Recorded information »
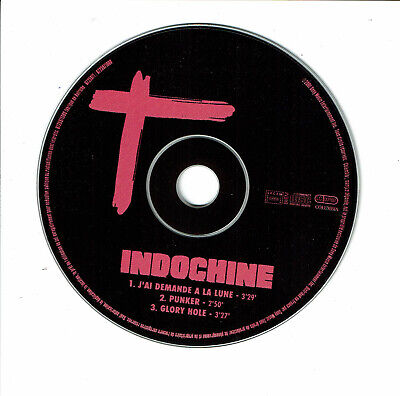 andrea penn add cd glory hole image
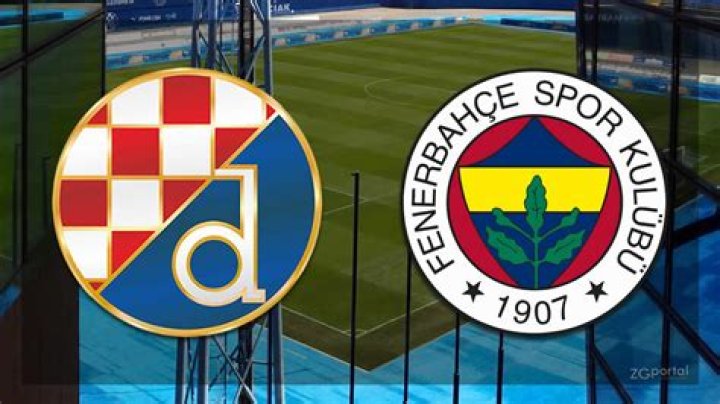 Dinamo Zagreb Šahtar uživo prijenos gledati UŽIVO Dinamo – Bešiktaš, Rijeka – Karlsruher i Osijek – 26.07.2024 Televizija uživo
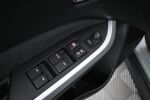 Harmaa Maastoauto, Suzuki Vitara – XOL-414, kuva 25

Exercise details »
The copy should hold, exactly, the lines from the one containing "Dinamo Zagreb Šahtar" to the final line of the listing above, with both ends present and no pictures.

Answer »
 Dinamo Zagreb Šahtar uživo prijenos gledati UŽIVO Dinamo – Bešiktaš, Rijeka – Karlsruher i Osijek – 26.07.2024 Televizija uživo
 Harmaa Maastoauto, Suzuki Vitara – XOL-414, kuva 25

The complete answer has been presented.